The main use of IoT for retail stores is the improvement it provides on customer experience.
Personalized Customer Experience
By making use of all the customer data available, brands can better understand what their customer is looking for, and what triggers certain actions by them.
This combination of data and the Internet of Things helps brands provide a more personalized shopping experience to each customer both in-store and outside of the physical store. How? Through the use of devices such as store sensors, it becomes possible to send notifications to customers regarding their favorite products or discounts while they are inside the store.
Another option is the use of beacons which use Bluetooth to engage with customers nearby and encourage them to enter the store and make a purchase.
Another use of IoT is related to supply chain management.
Connected devices help improve inventory management by accurately identifying and tracking items. These items can be tracked from the moment they are shipped to the moment they reach the warehouse. The conditions in which the items are expected to arrive can also be identified. Meaning that if a product perishes or is mishandled and gets ruined, warehouse managers will quickly become aware of this and take it into consideration as far as inventory goes.
This allows businesses to be aware of their inventory at all times and avoids situations such as orders of items that turn out not to be available which can be a source of discontentment to consumers.
It also increases the efficiency of warehouse staff as it helps them organize and manage the warehouse, therefore reducing the costs of personnel.
More and more, convenience is at the very top of consumers’ priorities.
To meet this demand, big stores are already moving towards cashier-free models, such as the Amazon Go stores, in which, through the use of cameras, beacons, and RFID readers, consumers can grab what they want and have these purchases automatically charged to their credit cards without having to wait in line to pay.
Although Amazon is the pioneer in this specific cashier-free model, other stores are beginning to introduce checkout-free systems through which consumers can scan the products on their phone and pay for them via services such as Apple Pay. An example of this is Sainsbury’s in London.
As the use of voice for browsing increases in popularity, businesses will have to adapt their online communication to different types of queries and search terms in order not to decrease their online presence.
This is especially the case for retail brands. Why? Because of AI-powered voice assistants such as Amazon Echo and Google Home. As the use of these devices becomes more common, consumers will begin to use them to order products online, among other things.
As such, these brands have an opportunity to start adjusting their online presence and SEO efforts to voice searches so they can be ready and ahead of the competition when this type of browsing takes over the market.
The retail industry will be extremely affected, in a good way, by the IoT. If used properly it can bring massive advantages to retail brands and help them step into the future.
When it comes to customer experience, connected devices can help increase sales and bring more customers through the door.
However, many customers still consider personalized marketing to be very intrusive so brands should tread lightly when using IoT systems and technologies to target users, as it can very well backfire when done excessively or in the wrong way.
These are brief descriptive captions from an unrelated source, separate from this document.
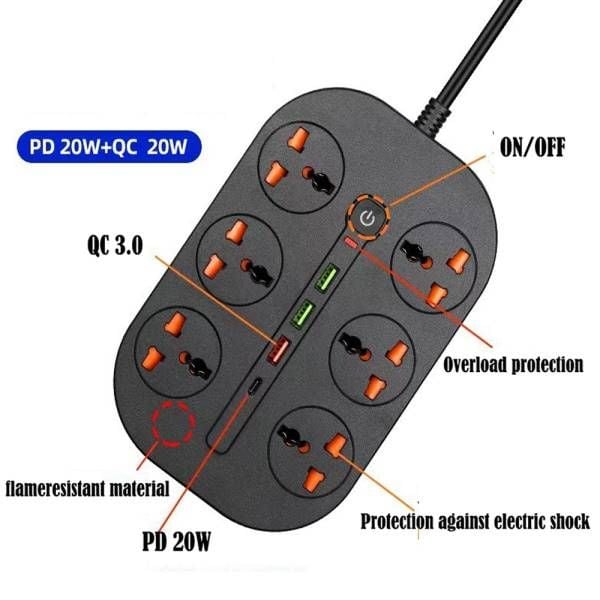 T21-2m / Power Socket- 6 AC AUTO MAX 4.2A 3000W/ cable 2m SOCKETS / Black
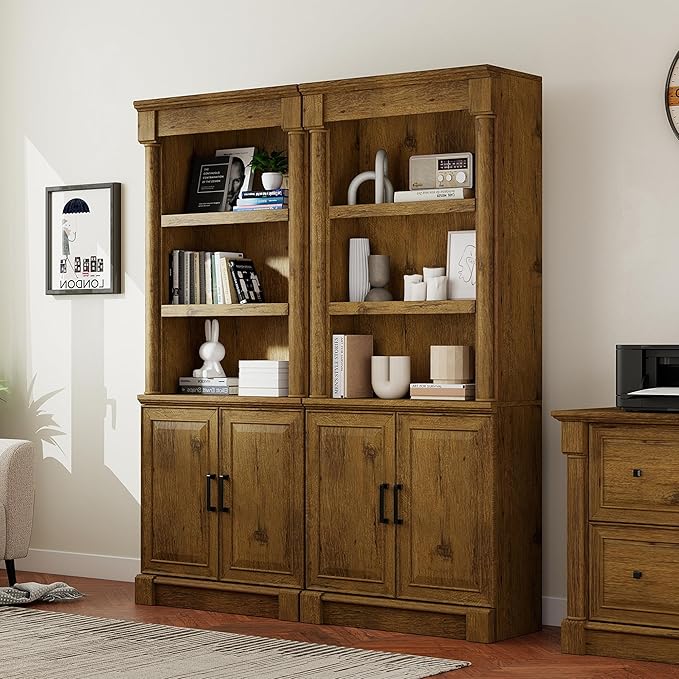 72" Roman Column Bookcase with Double Door Cabinet, 5 Tiers Tall Bookshelf Shelves Storage Anti Tip Kit, Classic American European Modern Multi Style Design for Living Room Study Office, Vintage Oak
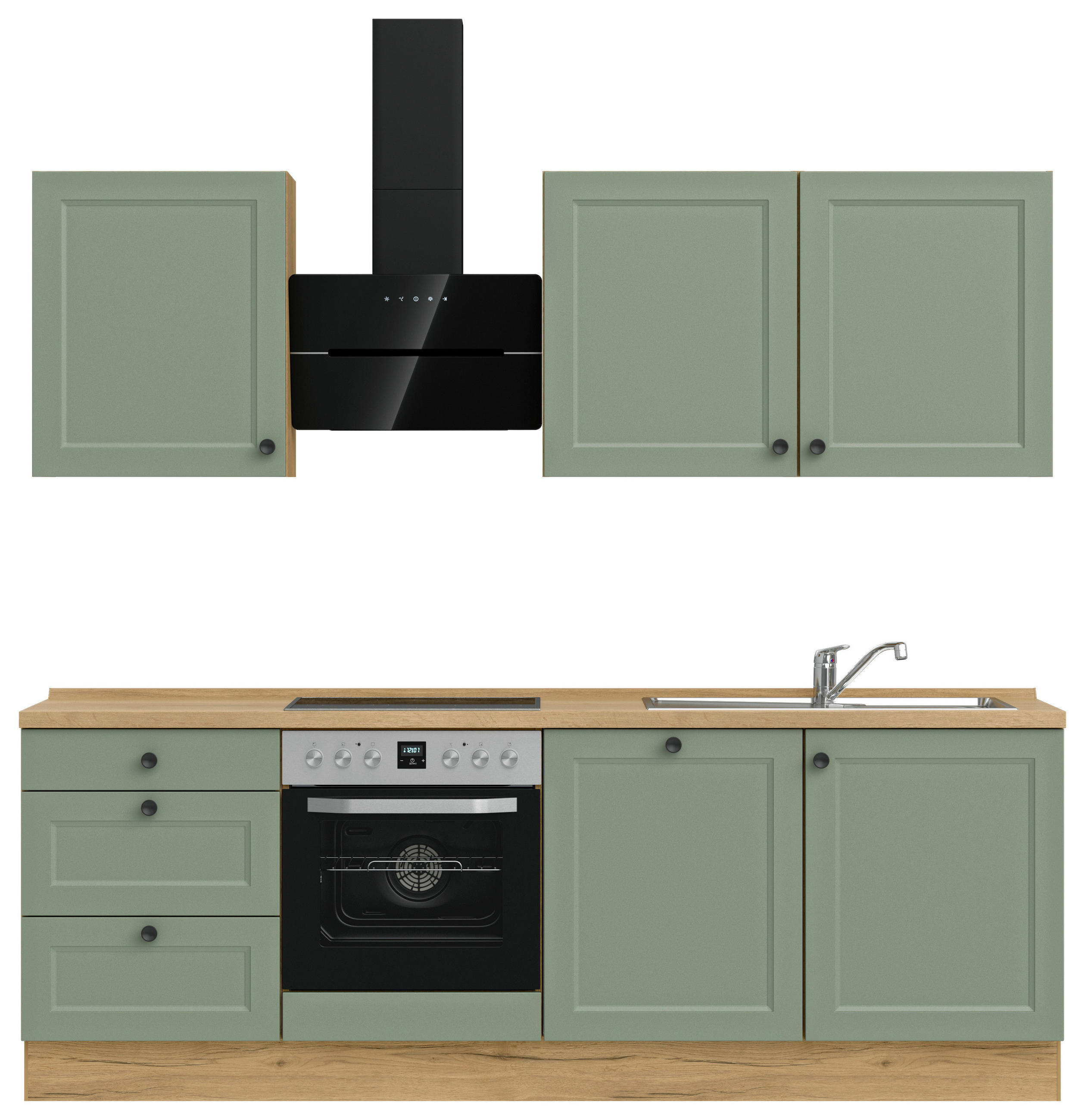 KÜCHENLEERBLOCK 240 cm   in Grün, Eichefarben  - Eichefarben/Schwarz, MODERN, Holzwerkstoff/Metall (240cm) - Nobilia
If users feel intruded upon or as if they have had their privacy invaded, they will develop a bad connection to your brand and that is hard to come back from.
A positive way in which to use these technologies to reinforce customers’ ties to a brand is through the smart shopping systems that have been slowly popping up in some stores.
These systems are a clear example of how omnichannel is important to answer consumers’ needs. Brands are increasingly working towards connecting the offline and online channels in order to offer consumers a seamless purchasing experience which is made possible by product recognition technologies and, ultimately, the Internet of Things.